La Pasionaria by the White Castle

 I have spoken previously about taking the 55th Street bus downtown.  Its path was basically a right angle, which to those of us familiar with the Pythagorean theorem is not the shortest path between downtown and say 55th and Kedzie.  Archer Avenue does not cross Kedzie at 55th but rather between 43rd and 44th streets, but still obviously a shorter route.  The downside was that you didn't get to keep your seat all the way like on the 55th Street bus, you had to disembark at Kedzie.

Every mile going westward from State is a major artery with 4 lanes, Halsted (800w), Ashland(1600w), Western(2400w), Pulaski (4000w), Cicero(4800w), Central(5600w).  But wait, what is 3200w?  That is Kedzie, for some reason the city fathers, in their farsighted wisdom saw to give Kedzie only two lanes.  One has to think that this was before the bus was invented,

On a four lane street, busses can leapfrog and share the load, but on a two lane street they can only follow one another which leads to bunching where there is maybe no bus for half an hour and then bam three, one after another, with the first jammed and the second not so much and the third hardly at all.

So while the Archer busses fairly flew down Archer Avenue, El Camino Real of the southwest side, once you got off at Kedzie it was sort of a crapshoot, not so bad in the summer with the waft from the nearby White Castle washing across you, but quite unpleasant in the dead of winter.

But owing to this bunching phenomena the CTA had provided another bus that originated just north of Archer and Kedzie, but these busses would not, upon seeing a shivering crowd just down the block, just pull out and pick them up.  There was probably some kind of schedule, but in the minds of the frozen horde they were up there in their toasty busses taking swigs from a half pint, shooting a little dice, having their way with some party dolls.
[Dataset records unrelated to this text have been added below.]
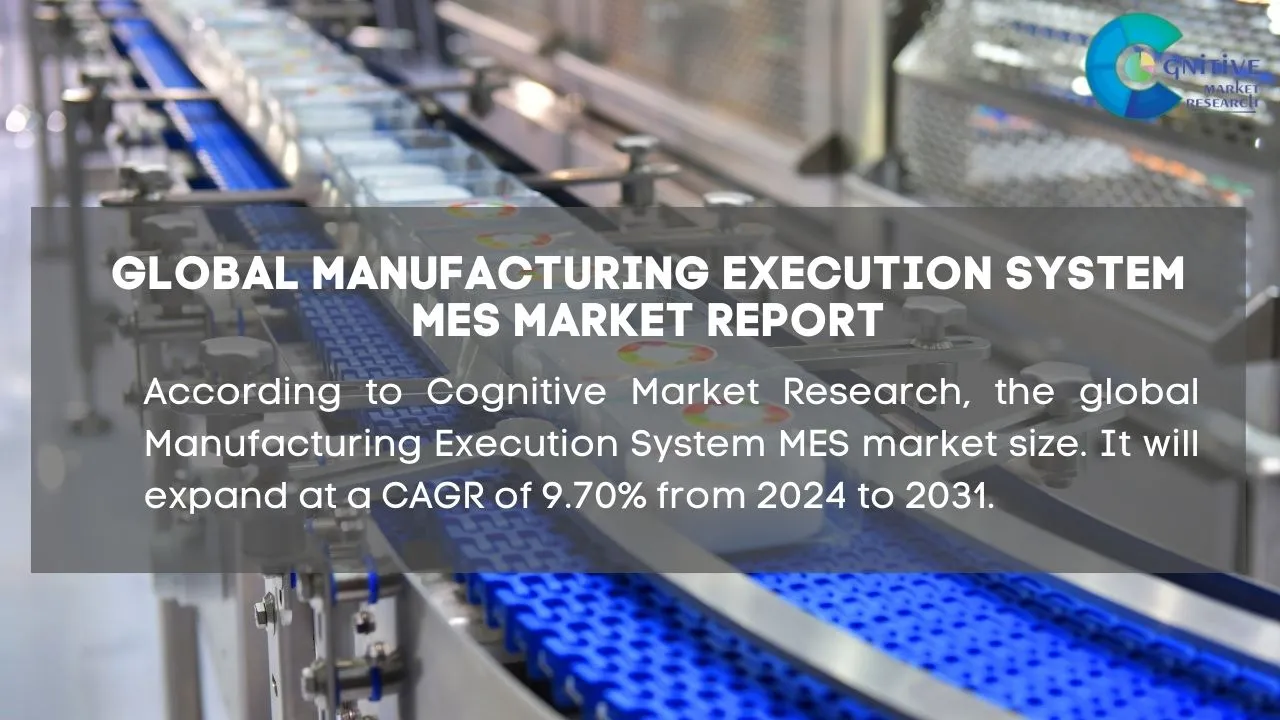 Manufacturing Execution System MES Market Report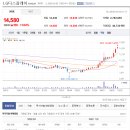 디에스테크 | 25.10.5 텔레그램 정리, 현대차 코닝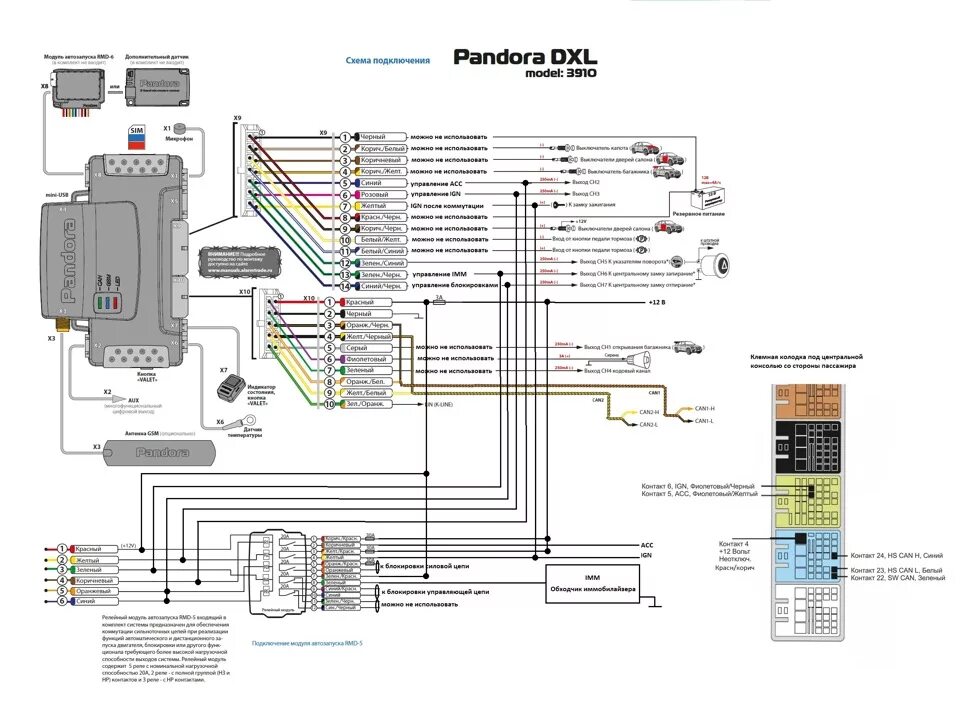 Подключение пандора спец к сигнализации Pandora DXL 3910 Реализация автозапуска - Opel Astra J GTC, 1,4 л, 2013 года эле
It wasn't right.  And one evening a woman spoke up.  This was something new.  Normally one just huddled and muttered to oneself about how wrong it was that we had to wait like that.  We were thinking of our own frozen toes and how dinner was getting cold, but this was our own personal injustice we never thought of ourselves being a group.

But then the woman spoke up. I don't recall her age or her appearance or anything about her, but she spoke up.  And then there was some muttered agreement from the crowd, then more.  And then people began to speak up, and then she was making some improvised speech, voicing what was in our hearts, and we were one with her, pointing at the bright lights of that bus just down the street that was just sitting there.  Just fucking sitting there.  Accusing fingers were raised, there was some stomping of feet, we were a mighty army and we were going to, going to what?

Well nothing it became crystal clear as a chill wind blew away the warmth from our waving arms, our stomping feet.  Our leader, our spokeswoman, our La Pasionaria, suddenly became just some batty crazy lady.  We shook our heads ruefully and looked down the street towards the bus that was still not moving.